32 full factorial design, camphor, clonazepam, croscarmellose sodium, fast dissolving tablets.

Introduction

We often experience inconvenience in swallowing conventional tablets where water is not available. Dysphagia is a common problem encountered in all age groups in concern to solid dosage forms, which results in high incidence of non-compliance and ineffective therapy [1]. Recent advances in novel drug delivery systems (NDDS) aim to enhance safety and efficacy of drug molecule by formulating a convenient dosage form for administration and to achieve better patient compliance i.e., one, which will rapidly disintegrate in the mouth without need of water (fast dissolving tablet). Advantages of this drug delivery system include administration without water, anywhere, anytime, accuracy of dosage, easy portability, alternative to liquid dosage forms, ideal for pediatric and geriatric patients, rapid onset of action, increased bioavailability and good stability make these tablets popular as a dosage form of choice in the current market [2-4]. Clonazepam (CZ) is a benzodiazepine derivative with marked antiepileptic properties. It may be used in the treatment of all types of epilepsy and seizures, practically insoluble in water, half life of about 20 h [5]. Since epileptic patients have to strictly follow the dosage regimen for preventing sub-therapeutic concentration, FDT will avoid missing out of a dose even during travelling or other situations, where there is no access to water; offers a suitable and practical approach in serving desired objective of faster disintegration and dissolution characteristics with increased bioavailability. Aim of the present study was to develop such a NDDS for CZ by simple and costeffective sublimation method.

In sublimation method, the rapid disintegration of the tablets is achieved by creation of pores in the tablets up on sublimation of volatile components added in the tablets. The saliva will enter these pores and cause the rapid disintegration of the tablets in the oral cavity. The porous structure is responsible for the faster water uptake, Hence it facilitates wicking action in bringing about faster disintegration.

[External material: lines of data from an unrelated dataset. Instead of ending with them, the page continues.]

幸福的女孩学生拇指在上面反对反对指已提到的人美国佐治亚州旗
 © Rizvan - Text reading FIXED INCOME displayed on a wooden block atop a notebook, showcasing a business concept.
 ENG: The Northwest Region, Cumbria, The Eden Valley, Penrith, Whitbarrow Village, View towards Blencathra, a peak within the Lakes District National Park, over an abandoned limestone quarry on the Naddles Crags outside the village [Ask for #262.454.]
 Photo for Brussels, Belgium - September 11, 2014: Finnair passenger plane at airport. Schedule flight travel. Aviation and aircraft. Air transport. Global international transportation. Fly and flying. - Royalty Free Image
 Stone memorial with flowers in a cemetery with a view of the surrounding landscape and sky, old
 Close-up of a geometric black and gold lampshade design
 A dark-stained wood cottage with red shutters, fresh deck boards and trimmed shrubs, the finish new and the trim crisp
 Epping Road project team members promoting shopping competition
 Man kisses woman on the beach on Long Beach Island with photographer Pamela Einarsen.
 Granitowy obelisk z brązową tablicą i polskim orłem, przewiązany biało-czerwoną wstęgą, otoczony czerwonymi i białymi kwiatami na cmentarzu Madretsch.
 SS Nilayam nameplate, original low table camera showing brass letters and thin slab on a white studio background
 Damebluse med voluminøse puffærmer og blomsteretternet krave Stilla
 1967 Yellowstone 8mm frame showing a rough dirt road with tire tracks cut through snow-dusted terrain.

Optimization techniques provide both a depth of understanding and ability to explore and defend ranges for formulation and processing factors. With a rational approach to the selection of several excipients and manufacturing steps for a given product, one quantitatively selects a formulation. It is at this point that optimization can become a useful tool to quantitate a formulation that has been qualitatively determined.

Materials and Methods

CZ and croscarmellose sodium (CCS) were gift samples from Torrent Pharma, Ahmedabad, India and Wockhardt Research Centre, Aurangabad, India respectively. Directly compressible mannitol (Pearlitol SD 200), sodium stearyl fumarate (SSF) were generous gifts from Strides Arco Labs, Bangalore, India, Glenmark Ltd., Nashik, India and Alkem Labs Pvt Ltd, Mumbai, India. All other chemicals were of analytical reagent grade.

Experimental design

Preliminary trial formulations of CZ were designed by sublimation method using three superdisintegrants (crosspovidone, CCS, sodium starch glycollate) in different ratios (2-10% w/w) along with camphor (20- 60% w/w) as subliming agent. Aerosil (lubricant) was added to impart the hardness to the tablets, mannitol as a diluent to enhance the mouth feel.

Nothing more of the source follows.